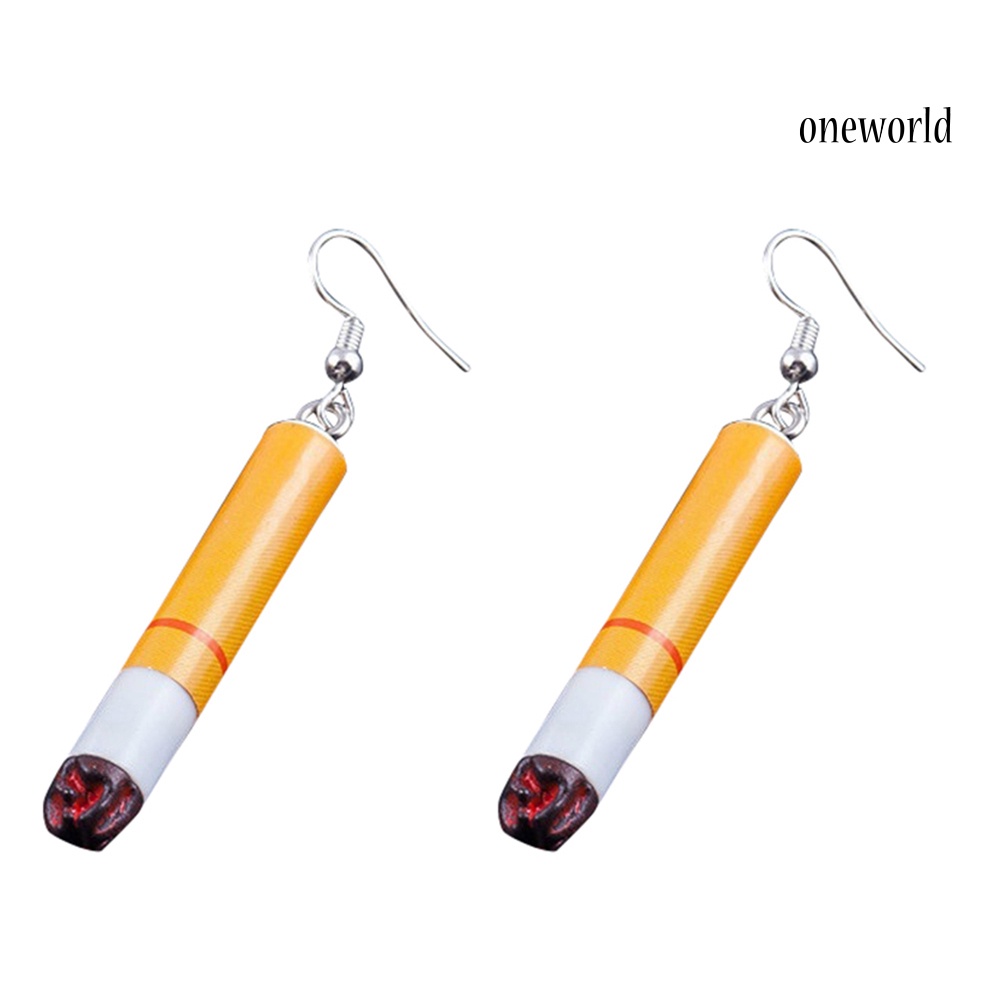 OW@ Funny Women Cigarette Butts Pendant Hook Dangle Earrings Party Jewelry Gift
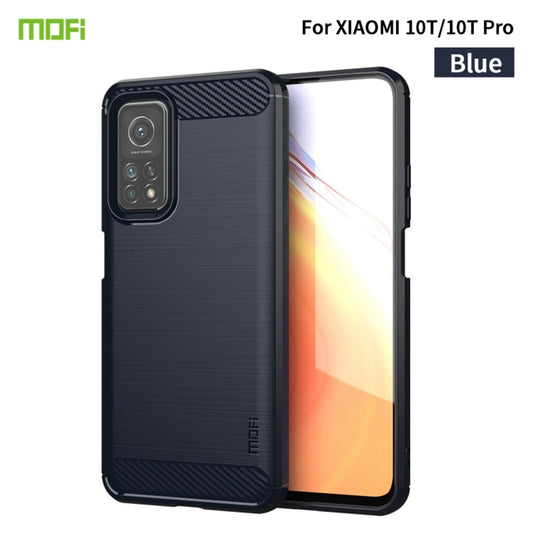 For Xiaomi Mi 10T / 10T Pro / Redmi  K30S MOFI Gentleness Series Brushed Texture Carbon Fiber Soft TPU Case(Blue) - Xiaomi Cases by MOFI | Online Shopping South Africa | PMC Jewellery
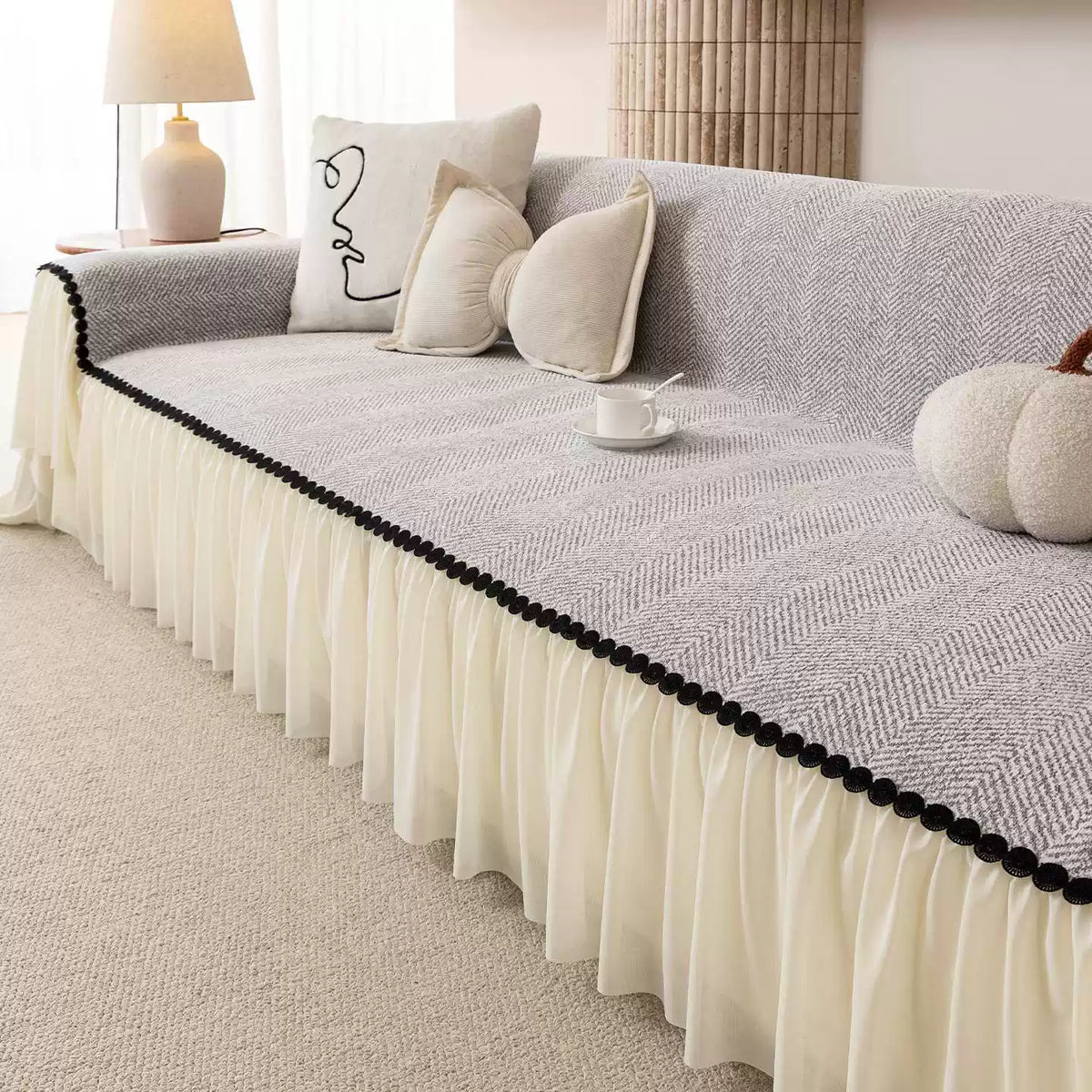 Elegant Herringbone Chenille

────

WORK TO BE COMPLETED: Output the line containing "For Xiaomi Mi" and each line after it, through the end of the material, exactly as given. No pictures belong in the output.

RESULT OF THIS TASK:
 For Xiaomi Mi 10T / 10T Pro / Redmi  K30S MOFI Gentleness Series Brushed Texture Carbon Fiber Soft TPU Case(Blue) - Xiaomi Cases by MOFI | Online Shopping South Africa | PMC Jewellery
 Elegant Herringbone Chenille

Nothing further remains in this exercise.